- Theatrical release poster
- Directed by: Michael Carreras
- Written by: Jimmy Sangster
- Produced by: Jimmy Sangster
- Starring: Kerwin Mathews Nadia Gray Liliane Brousse Donald Houston
- Cinematography: Wilkie Cooper
- Edited by: Tom Simpson
- Music by: Stanley Black
- Production company: Hammer Film Productions
- Distributed by: BLC Release (UK) Columbia Pictures (U.S.)
- Release dates: 20 May 1963; (U.K.) 30 October 1963 (U.S.)
- Running time: 87 minutes
- Country: United Kingdom
- Language: English

= Maniac (1963 film) =

1963 film by Michael Carreras

Maniac (also known as The Maniac) is a 1963 British psychological thriller film directed by Michael Carreras and starring Kerwin Mathews, Nadia Gray and Donald Houston.

==Plot==
The story tells of vacationing American artist Jeff Farrell who becomes romantically involved with an older woman named Eve Beynat in southern France while at the same time harboring an attraction to her teenage stepdaughter, Annette. Eve's husband/Annette's father Georges is in an asylum for, four years ago, using a blowtorch to kill a man who had raped Annette. Believing it will help make Eve his for life, Jeff agrees to assist her in springing Georges from the asylum. However, Eve has a completely different agenda. Inspector Etienne sets up a plot to help trap the killer, and the climactic scenes are set at Les Baux-de-Provence in the huge stone galleries dug into the rock of the Val d'Enfer on the road to Maillane.

==Cast==
- Kerwin Mathews as Jeff Farrell
- Nadia Gray as Eve Beynat
- Donald Houston as Henri
- Liliane Brousse as Annette Beynat
- George Pastell as Inspector Etienne
- Arnold Diamond as Janiello
- Norman Bird as Salon
- Justine Lord as Grace
- Jerold Wells as Giles
- Leon Peers as Blanchard
- André Maranne as Salon

==Production==
The film was shot in black-and-white in the Camargue district of southern France and the MGM British Studios in Borehamwood, Hertfordshire. Some filming occurred at Bray Studios in Berkshire.

==Release==
Maniac was released by Hammer Film Productions on 20 May 1963 in the United Kingdom. Released on Blu-ray by Mill Creek in 2018.

==Critical reception==
Andy Black wrote: "Maniac was written and produced by Jimmy Sangster, with Michael Carreras handling direction, and what an under-rated director he was. Donald Houston is George, an escapee from a French asylum (obviously Les Diaboliques had a big effect on Sangster, who also set Taste of Fear in France) who wants to kill his wife's lover. The wife is Nadia Gray, and the lover is Kerwin Matthews. Houston underplays, and also has a fetish for oxy-acetylene torches, with which he causes much panic. A brief 86 minutes and full of little twists and 'who's-behind-the-door' shocks, it really works first time you see it, but is not a film to watch repeatedly."

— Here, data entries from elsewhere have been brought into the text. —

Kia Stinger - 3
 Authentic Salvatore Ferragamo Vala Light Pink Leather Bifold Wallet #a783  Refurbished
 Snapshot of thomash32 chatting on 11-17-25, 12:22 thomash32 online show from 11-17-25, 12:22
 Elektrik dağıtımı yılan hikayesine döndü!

Turner Classic Movies wrote "Maniac has excellent production values but labors under the weight of yet another gimmicky and obvious script by Jimmy Sangster...The acting is fine, especially that of Kerwin Mathews and Liliane Brousse."; and in The New York Times, Bosley Crowther wrote "Maniac has one thing and has it in spades—a plot of extraordinary cunning...(It) takes on a twitching suspense that simmers, sizzles and explodes in a neat backflip", though he concluded "Michael Carrera's direction is uneven and the characters are a generally flabby lot...Maniac remains a striking blueprint, with satanic tentacles, for a much better picture."